Jésus rejoint et fait communauté avec les disciples sur la route, les invite à exprimer ce qu’ils portent, en l’occurrence leur peine et leur désespérance. Puis il relit les Ecritures et les commente avant de rompre le pain. Alors les disciples repartent et annoncent la résurrection.

Plusieurs éléments laissent penser, sous réserve d’inventaire, que cette lecture certes pertinente, n’est pas traditionnelle. Maintenant qu’est intégrée la place centrale à la messe des Ecritures entendues par chacun dans sa langue, maintenant que l’on sait l’importance de faire communauté, d’être corps du Christ pour recevoir autant qu’en recevant le corps du Christ, il convient de porter un regard historiquement critique sur ce schéma catéchétique.

Encore au XIIIème siècle, la fraction du pain dans le récit d’Emmaüs désigne l’explication de la parole, comme la multiplication des pains raconte comment plus l’Ecriture est partagée, plus elle se multiplie. Il y en a toujours beaucoup plus à la fin qu’au début, ainsi qu’en attestent les restes. Les Ecritures sont le pain de vie, car « l’homme ne vit pas seulement de pain mais de toute parole qui sort de la bouche du Seigneur ».

La Réforme protestante du XVIème siècle et la Réforme catholique qu’on ne pouvait plus remettre forcent le trait et opposent parole et pain, Ecritures et sacrement, prédication et liturgie. Ce sont des théologies de polémique. On ne perçoit plus, et l’on n’en est pas encore revenu, que la lecture et le partage de la Parole sont la fraction du pain et que la communion eucharistique est une manière d’assimiler, de faire sienne, de se nourrir de cette Parole.

On note dans le dernier Concile une rature hautement significative. Parfois l’on parle de deux tables, celle de la Parole et celle de l’eucharistie, parfois d’une seule. (Les deux tables était le nom d’un recueil, élaboré à Lyon, de chants liturgiques dans les années 50.)

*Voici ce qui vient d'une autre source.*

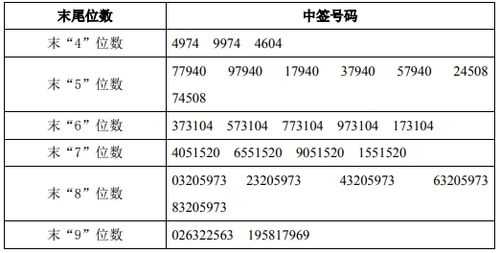 亚星游戏官网 海星股份申购中签号（海星股份公告）-图2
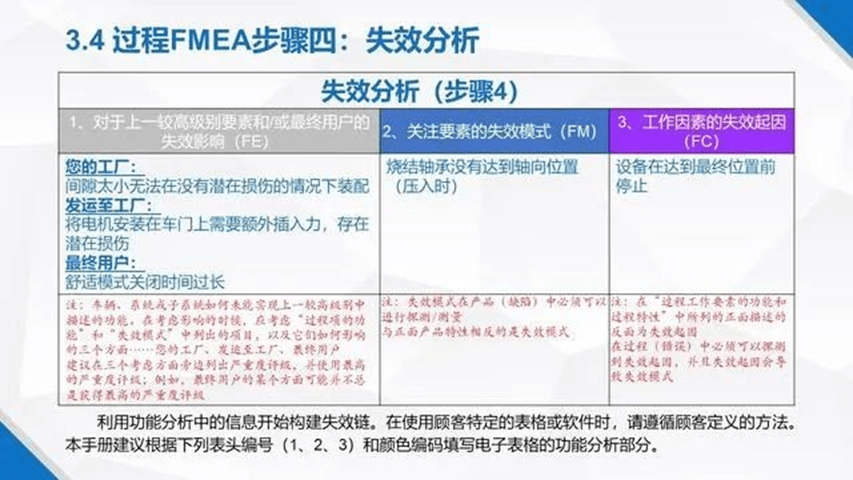 新澳精准资料1688,精准分析实施步骤_Z21.777-4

« L’Eglise a toujours vénéré les divines Écritures, comme elle le fait aussi pour le corps même du Seigneur, elle qui ne cesse pas, surtout dans la sainte liturgie, de prendre le pain de vie sur la table aussi bien de la Parole de Dieu que du corps du Christ, pour l’offrir aux fidèles. » (Constitution dogmatique Dei Verbum) « La messe comporte comme deux parties : la liturgie de la Parole et la liturgie eucharistique ; mais elles sont si étroitement liées qu´elles forment un seul acte de culte. En effet, la messe dresse la table aussi bien de la parole de Dieu que du corps du Christ, où les fidèles sont instruits et restaurés. En outre, certains rites ouvrent la célébration et la concluent. » (Présentation Générale du Missel Romain)

On dit que l’on dévore un bouquin et que l’on boit les paroles d’un ami, d’un amant, d’un maître ; la Parole de Dieu est une nourriture que le prophète mange, douce comme miel et amère comme fiel, consolante autant que pleine de remontrances contre les infidélités et iniquités. L’Apocalypse de Jean s’en souvient quasi littéralement. « Mange le petit livre. » Manger le pain avec les oreilles du cœur et de la communauté ; écouter la parole avec la bouche et le ventre puisqu’elle fait vivre. Ecouter et manger le pain de vie, parole de vie.

Nous recevons le Christ diversement, certes sacramentellement, au sens obvie, dans sa parole également, mais aussi charitablement, dans la fraternité. « Ce que vous avez fait à l’un de ces petits qui sont les miens, c’est à moi que vous l’avez fait. »

Le recadrage herméneutique que Jésus impose aux Ecritures de son peuple est un festin qui réjouit ‑ « notre cœur n’était-il pas tout brûlant alors qu’il nous expliquait les Ecritures ? » ‑ et met les disciples debout, les ressuscite pour aller trouver d’autres frères, pour se faire, avec et par les autres, frères, pour faire de l’humanité une fraternité.

C’est ce que nous vivons à lire notre histoire dans les Ecritures, à chercher avec et pour les frères ce qu’elles disent du Christ pour chacun dans la situation de chaque aujourd’hui. La parole partagée est une nourriture que nous consommons en faisant mémoire ecclésialement de la mort et de la résurrection du Seigneur. La parole est eucharistie pour que nous puissions la manger.